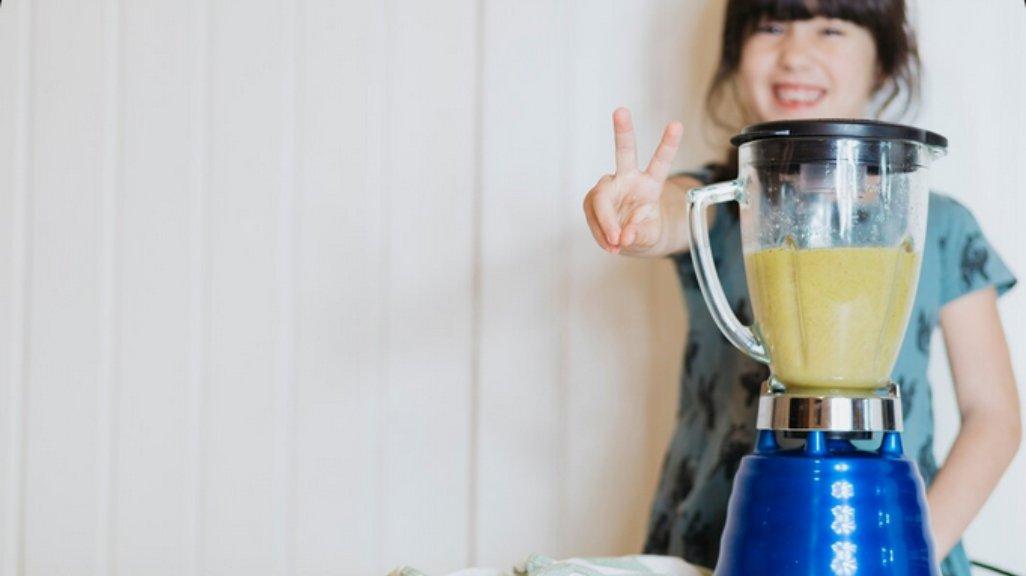 Ilustrasi penggunaan blender.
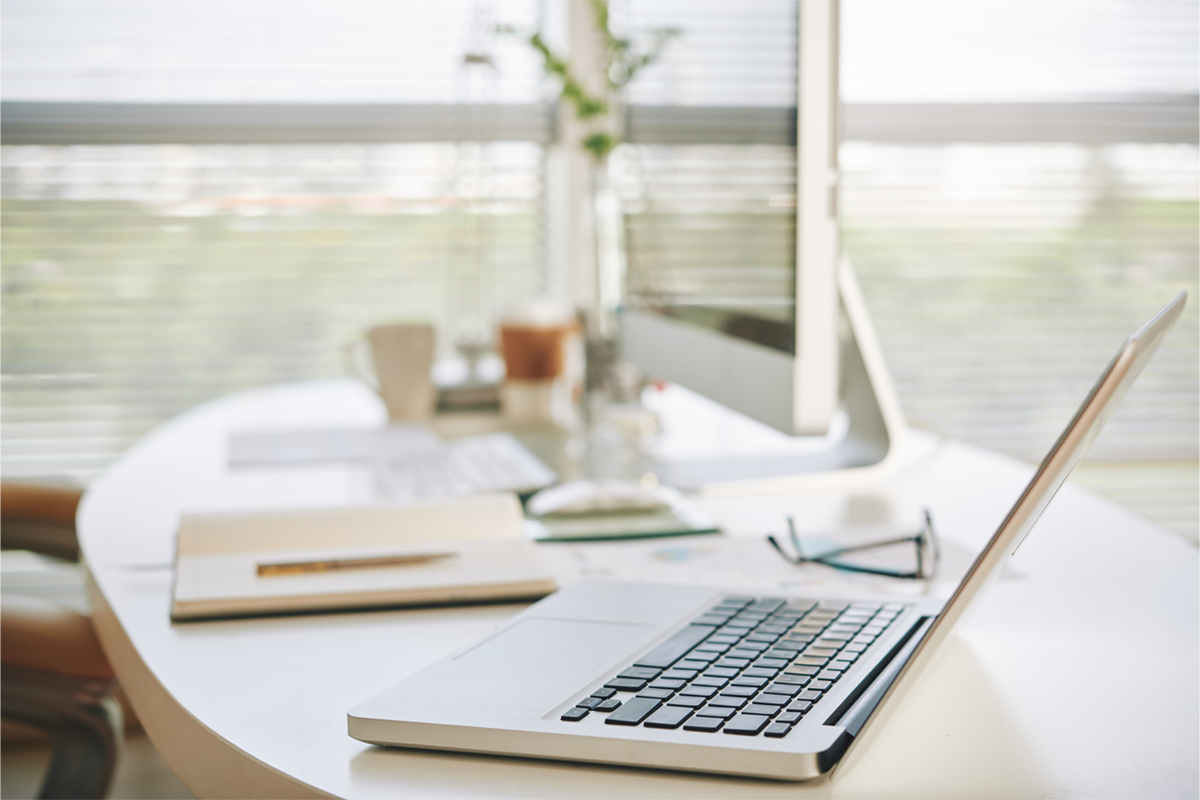 computer-on-table-VU6QACF
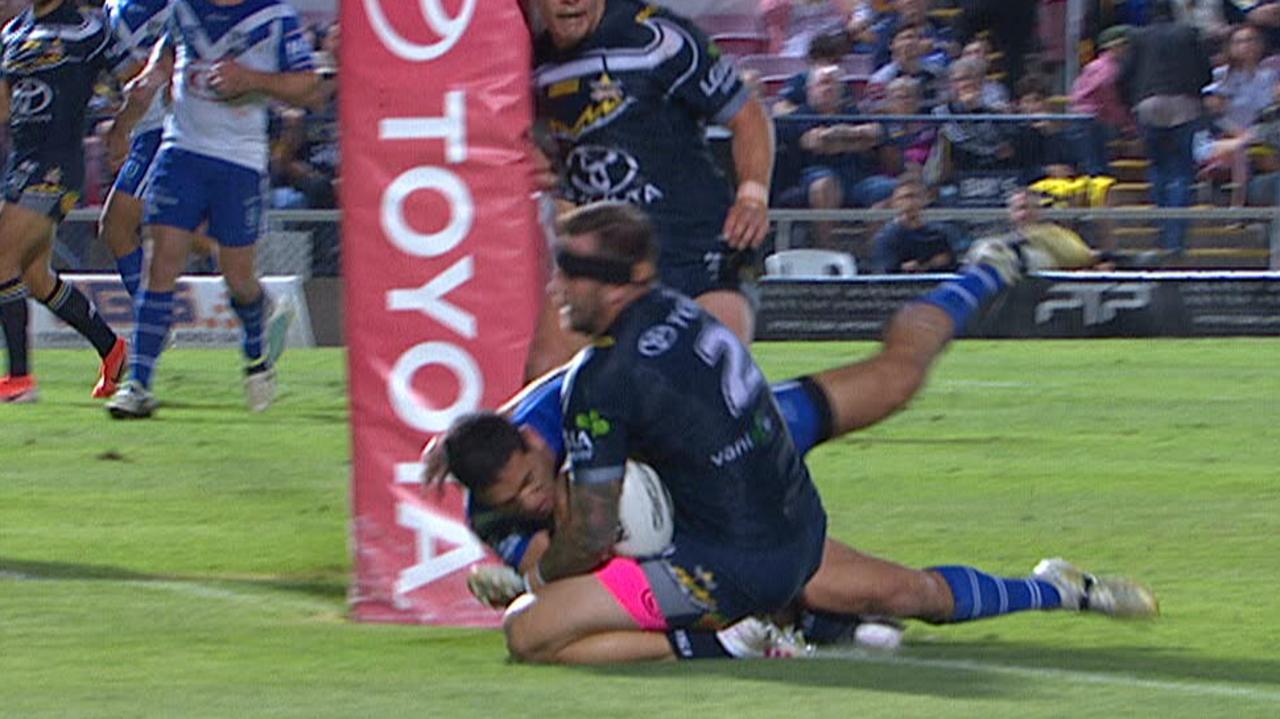 Dallin Watene-Zelezniak fails to ground the ball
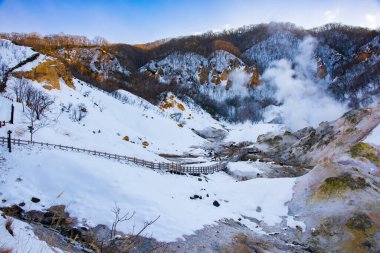 Kışın Jigokudani Cehennem Vadisi 'nin manzarası, Noboribetsu, Hokkaido, Japonya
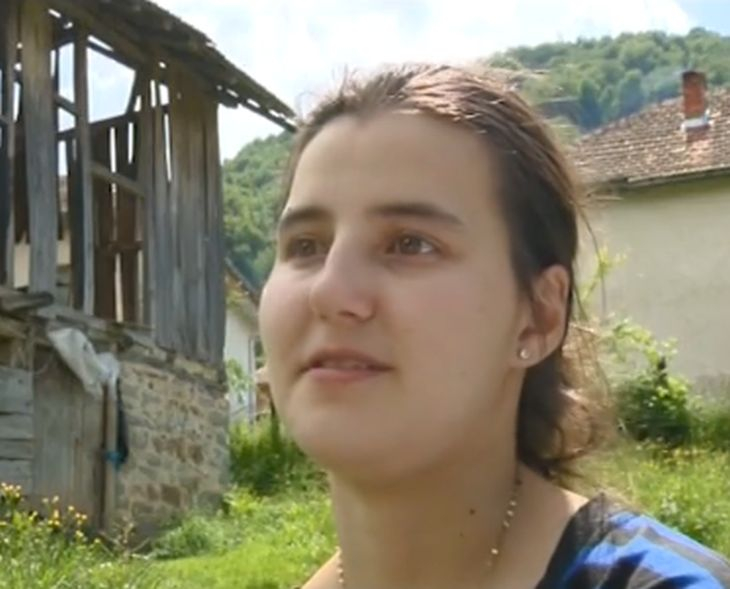 Младата Михаела закъса здраво, остана с бебето си на улицата и се принуди да...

################

The task: Any picture in the listing above gets left out; output the rest exactly.

Exercise response:
 Ilustrasi penggunaan blender.
 computer-on-table-VU6QACF
 Dallin Watene-Zelezniak fails to ground the ball
 Kışın Jigokudani Cehennem Vadisi 'nin manzarası, Noboribetsu, Hokkaido, Japonya
 Младата Михаела закъса здраво, остана с бебето си на улицата и се принуди да...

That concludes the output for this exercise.